Bug 720794

Summary: it takes a long time to import a large number of Resources
Product: [Other] RHQ Project Reporter: Ian Springer <ian.springer>
Component: Core ServerAssignee: Robert Buck <rbuck>
Status: CLOSED CURRENTRELEASE QA Contact: Mike Foley <mfoley>
Severity: medium Docs Contact:
Priority: high    
Version: 4.1CC: ccrouch, hrupp, mfoley
Target Milestone: ---   
Target Release: ---   
Hardware: Unspecified   
OS: Unspecified   
Whiteboard:
Fixed In Version: Doc Type: Bug Fix
Doc Text:
Story Points: ---
Clone Of: Environment:
Last Closed: 2012-02-07 19:21:20 UTC Type: ---
Regression: --- Mount Type: ---
Documentation: --- CRM:
Verified Versions: Category: ---
oVirt Team: --- RHEL 7.3 requirements from Atomic Host:
Cloudforms Team: --- Target Upstream Version:
Embargoed:
Bug Depends On:    
Bug Blocks: 717358, 722548    
Attachments:
Description Flags
Diffs to offload server to client comm to background quartz job; reduces user perceived latency from 15s+ to 3s. none

Description Ian Springer 2011-07-12 19:08:01 UTC
It took me about 10 minutes to import 1500 Resources (300 platforms and 1200 top-level servers). Assuming the import time scales linearly, it would take more than 10 seconds to import any more than 25 Resources. Since we are aiming to have all GUI pages load in less than 10 seconds, and 25 is a fairly small number of Resources, we may want to try to improve the performance here.

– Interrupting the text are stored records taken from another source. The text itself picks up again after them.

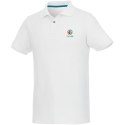 Beryl short sleeve men's organic recycled polo biały (37502010)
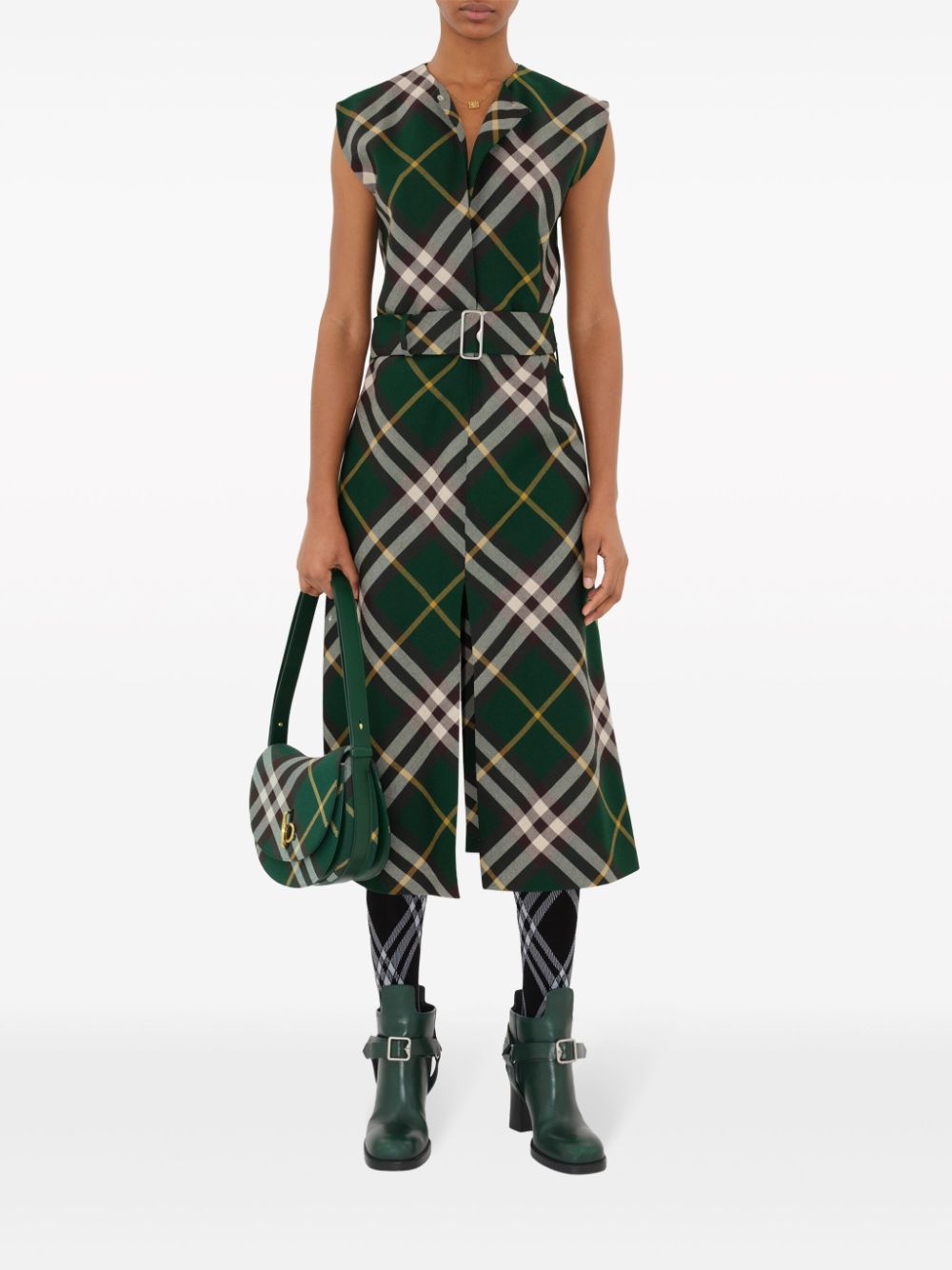 Burberry Women's Nova Check Midi Dress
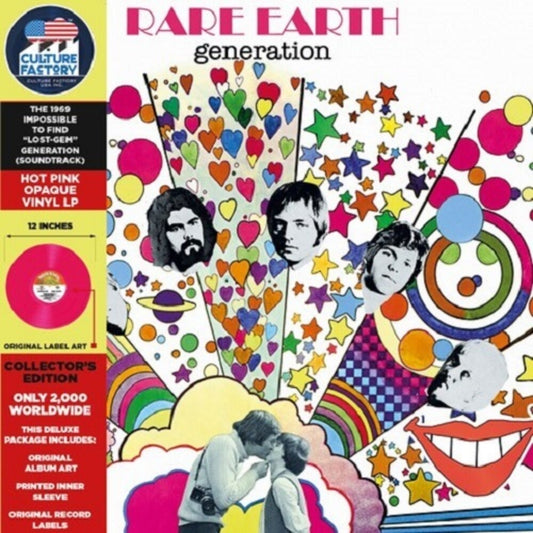 the album cover for Rare Earth - Generation (Original Soundtrack)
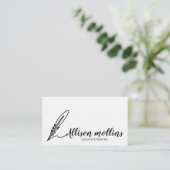 クリエイティブ·ライモダンターFetherロゴ 名刺 (スタンド正面)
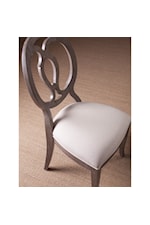 Artistica Cohesion Axiom Oval Back Side Chair with Upholstered Seat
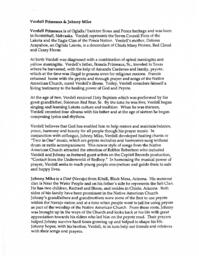 Verdell Primeaux and Johnny Mike Bio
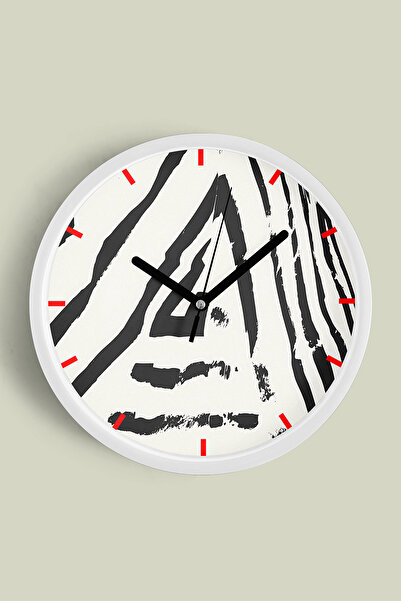 JHAAR Ceas de perete modern cu tematică geometrică - abstractă - 35 cm - Carc...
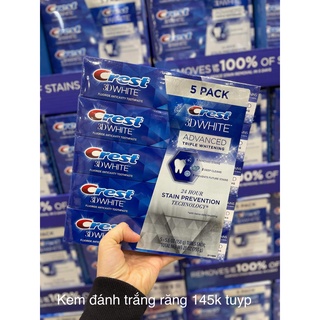 Kem Đánh Răng Crest 3D White Advanced Triple Whitening 158g
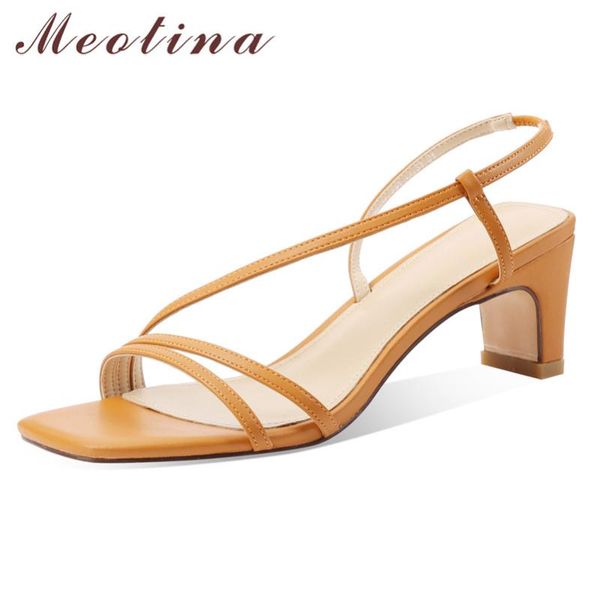 meotina women sandals narrow band real leather high heel shoes square toe thick heels footwear ladies summer sandals black 43
meotina women sandals narrow band real leather high heel shoes square toe thick heels footwear ladies summer sandals black 43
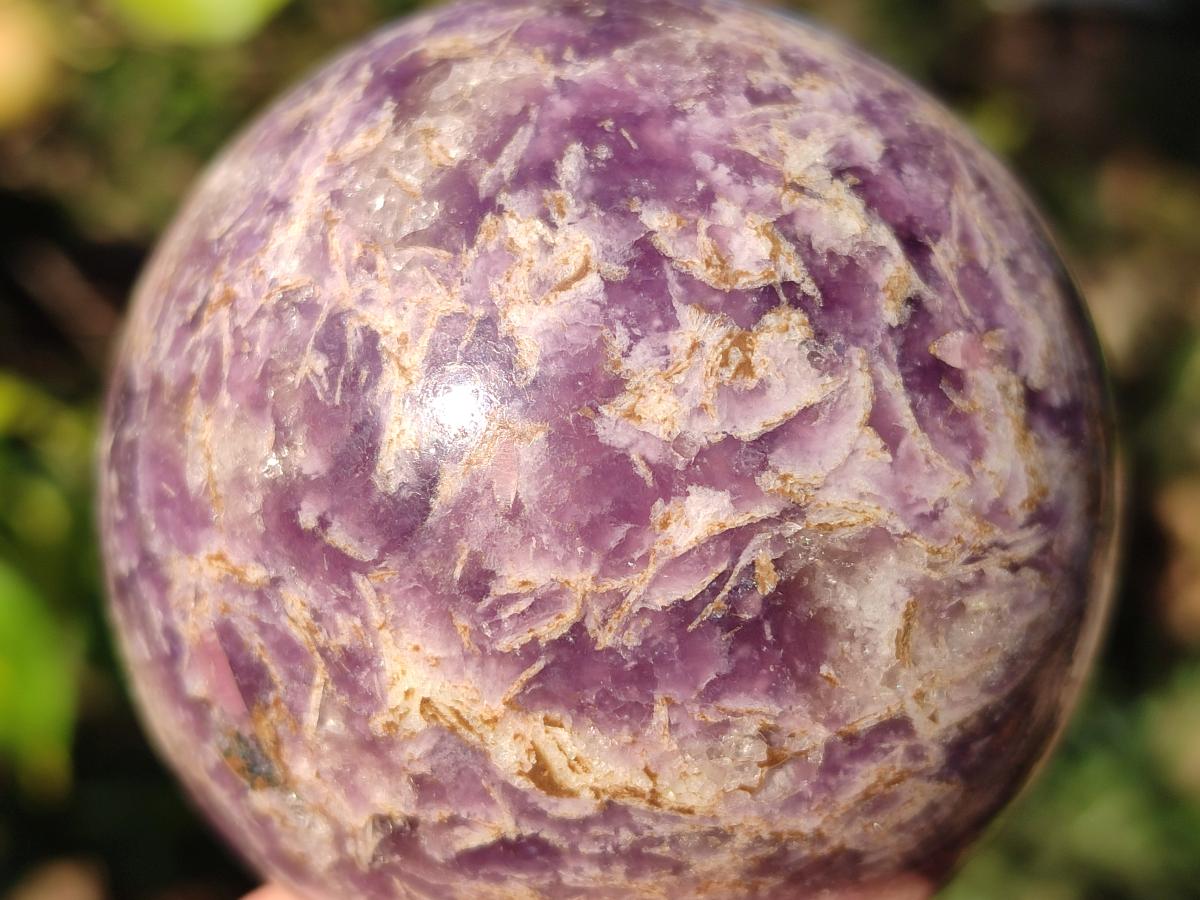 Polished Lepidolite Spheres x 4 From Ambatondrazaka, Madagascar - Toprock Gemstones and Minerals 
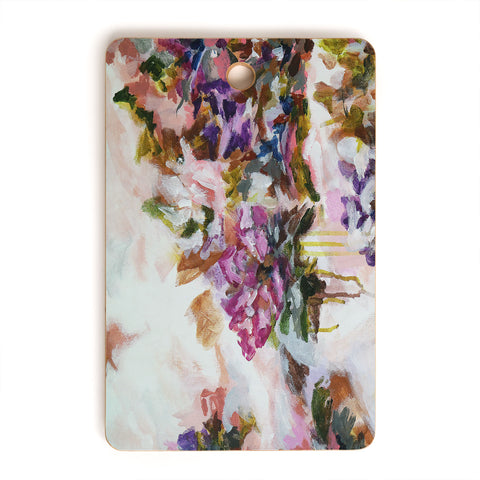 Laura Fedorowicz Lotus Flower Abstract Two Cutting Board Rectangle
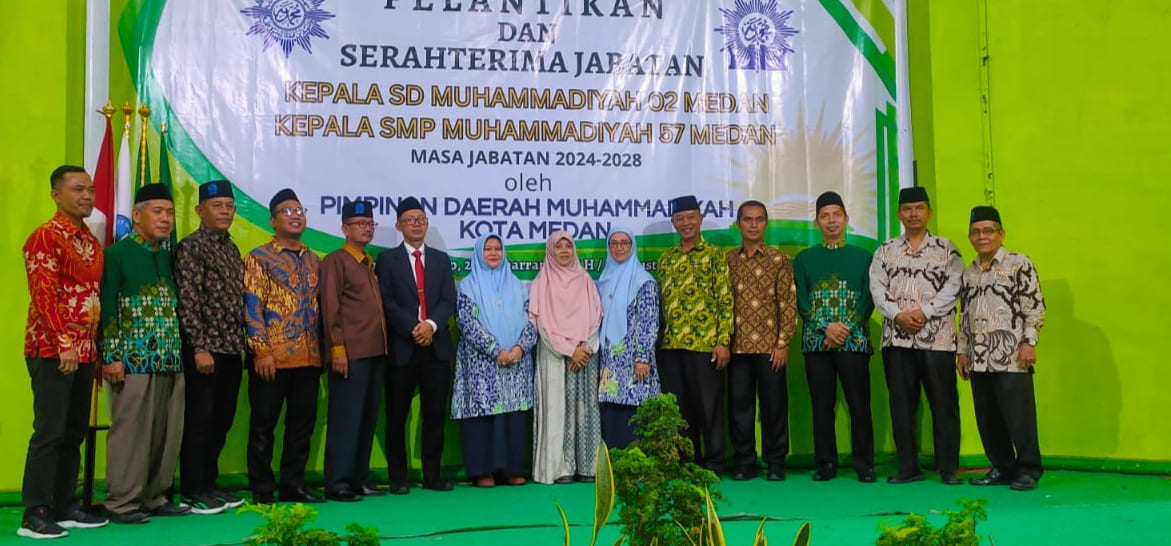 Kepala SD Muhammadiyah 2 Dan SMP Muhammadiyah 57 Medan Periode 2024-2028 Dilantik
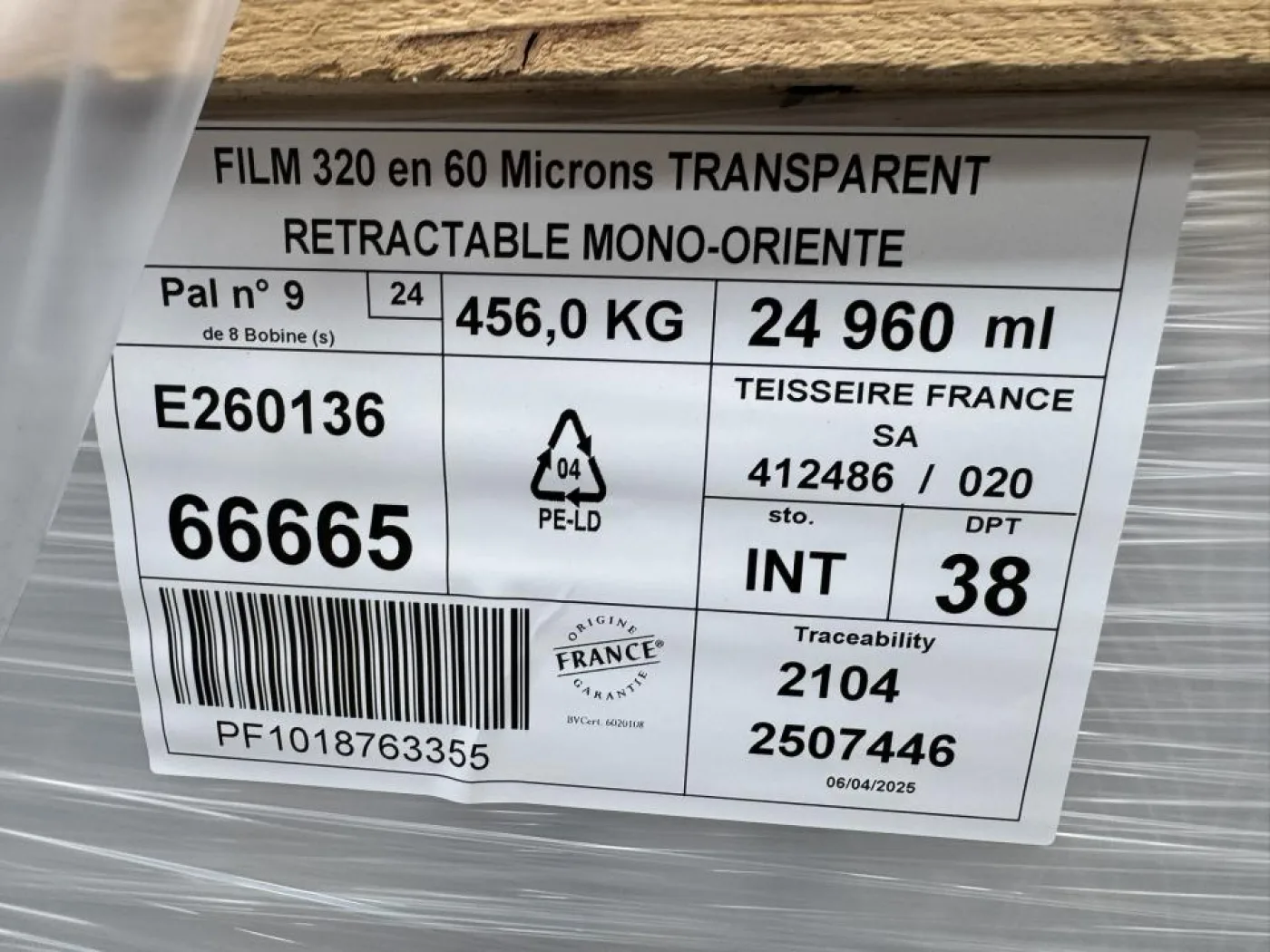 Transparent mono-oriented LDPE shrink film 11,5x8 rolls - 1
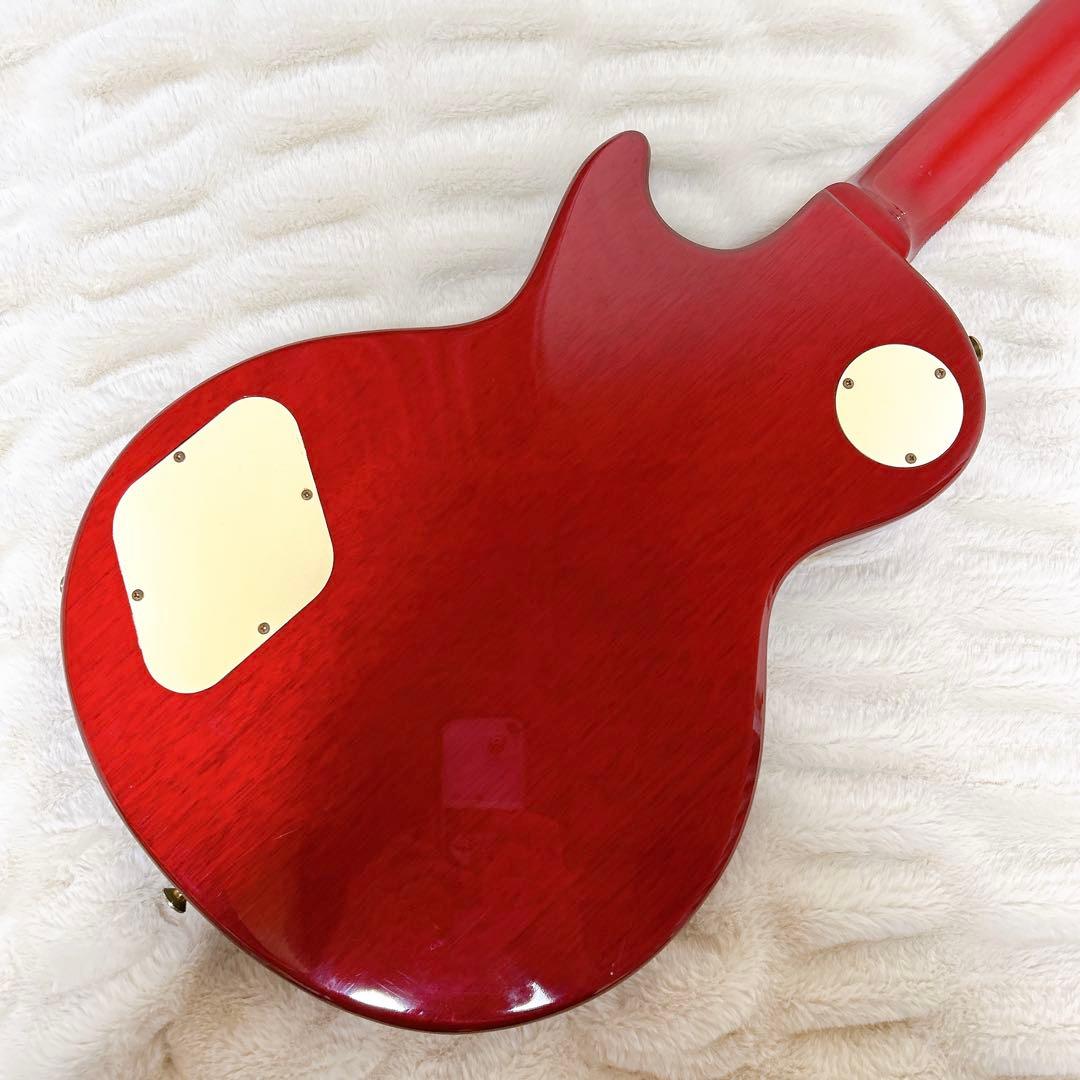 Blitz by Aria ProⅡ ちょい珍ロゴ Leopard レスポール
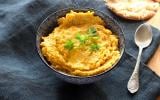 Houmous de potirons accompagnés de crackers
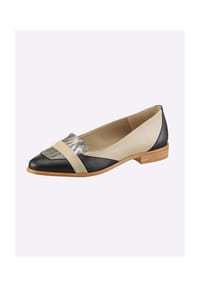 heine - Slipper - sand-schwarz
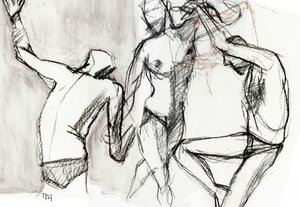 Figuras masculinas dinámicas de Tore Bahnson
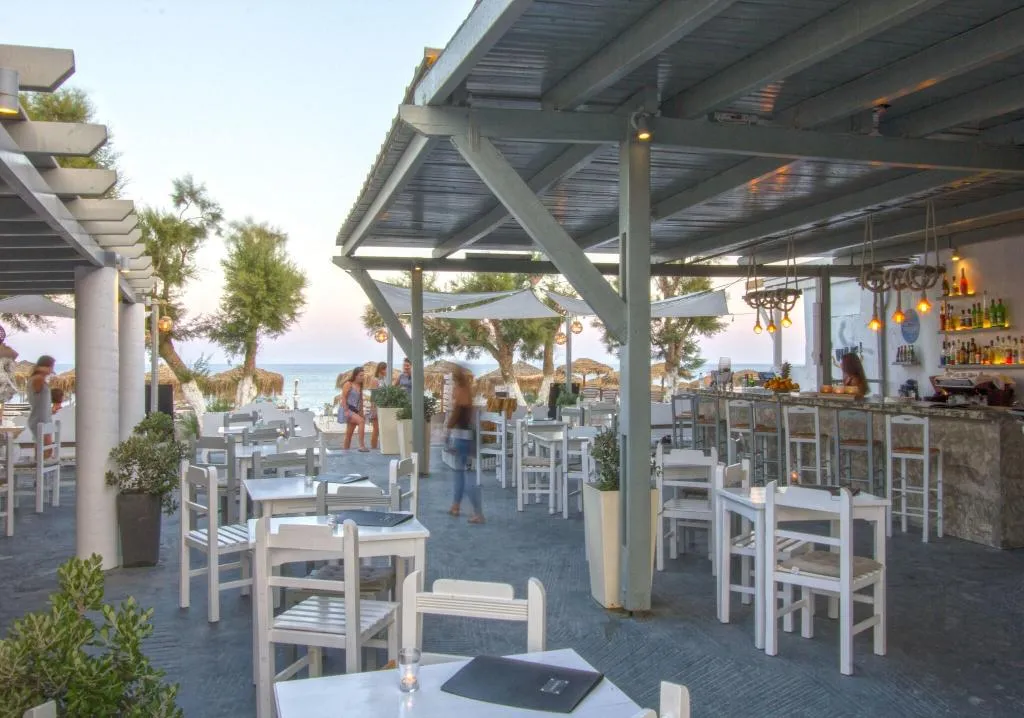 Bar, Sea View Beach Hotel, Santorini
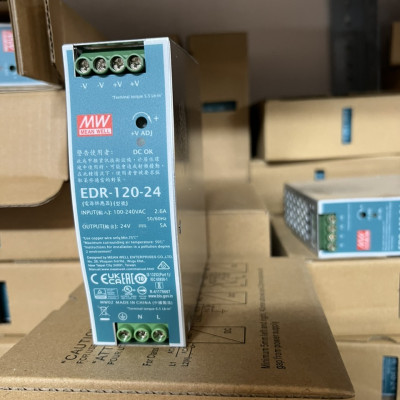 Nguồn DIN Rail EDR-120-48 Meanwell (120W 48V 2.5A) Hàng chính hãng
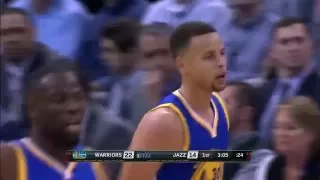 Stephen Curry steps back to shoot the three!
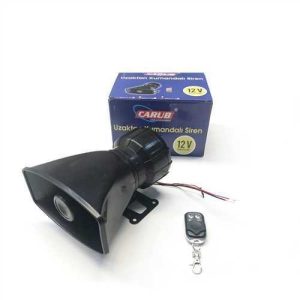 Siren 12V Kumandali 7 Ses Fonksiyonlu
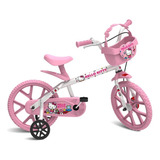 Bicicleta Infantil Aro 14 Hello Kitty - Bandeirante - 3344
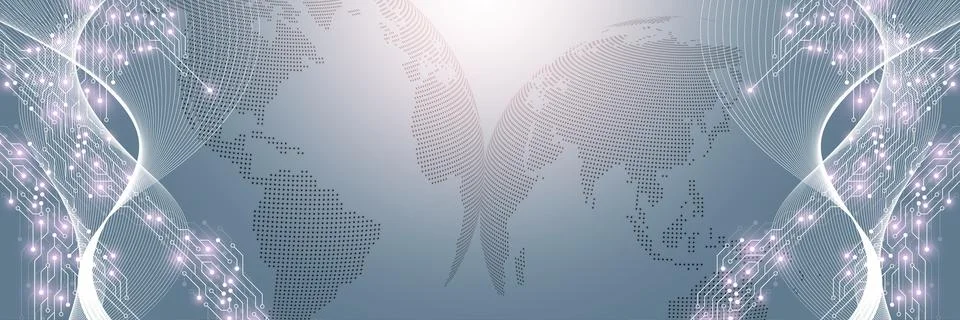 Electronic texture for computer technology, engineering concept illustration Stock Illustration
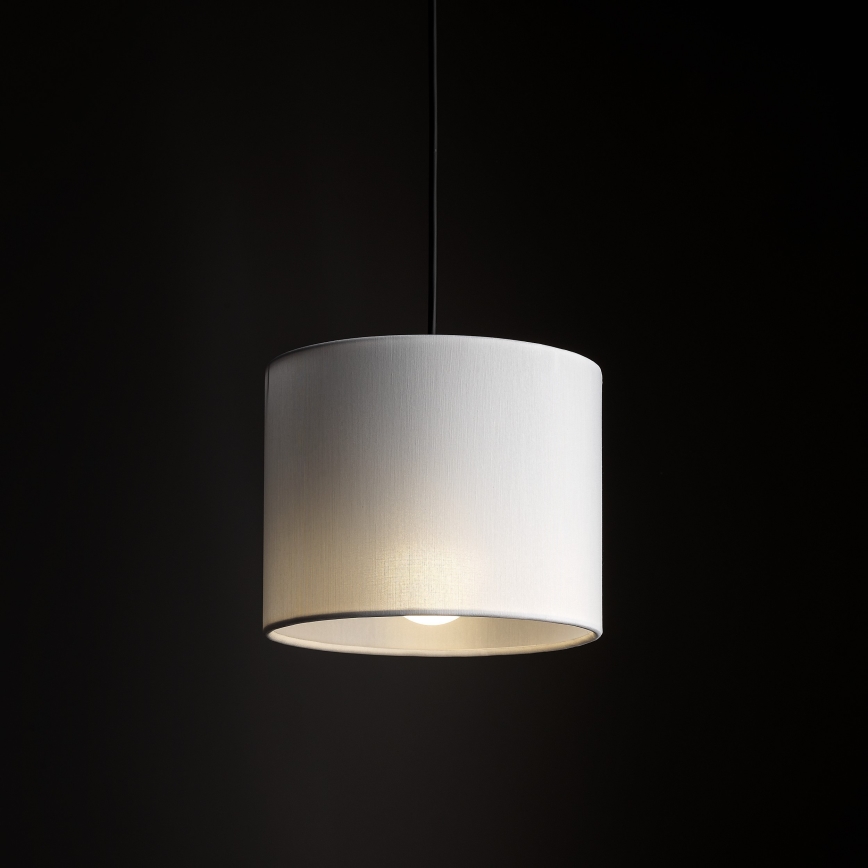 Luster na sajli za 3-fazni šinski sistem TRACER 1xE27/15W/230V, prečnik 20 cm, crna/bela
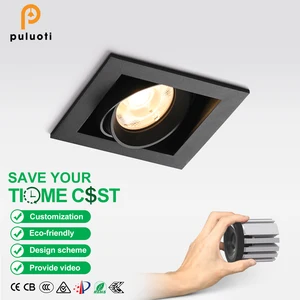 PULUOTI Zigbee Smart 10-Year 18W Cob Spot LED Down Light Fixture 2700K-5700K Dimming Recessed Spotlight for Hotels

Comment 1 Ian Springer 2011-08-18 20:11:13 UTC
*** Bug 717257 has been marked as a duplicate of this bug. ***

Comment 2 Ian Springer 2011-08-18 20:15:12 UTC
Note, Heiko reports that importing an AS7 domain-controller Resource takes much longer than 10 seconds (I'm presuming because it has a lot of descendant services). That is a very basic use case that demonstrates this issue.

Comment 3 Ian Springer 2011-09-06 21:09:18 UTC
A solution for this would be to split Resource import into two parts:

1) the call to importResources() would flip all of the NEW Resources to a new COMMITTING inventory status and then return.
2) a background job would periodically scan for COMMITTING Resources and do the real work necessary to commit them to inventory (syncing to Agents, etc.) and flip them to COMMITTED status.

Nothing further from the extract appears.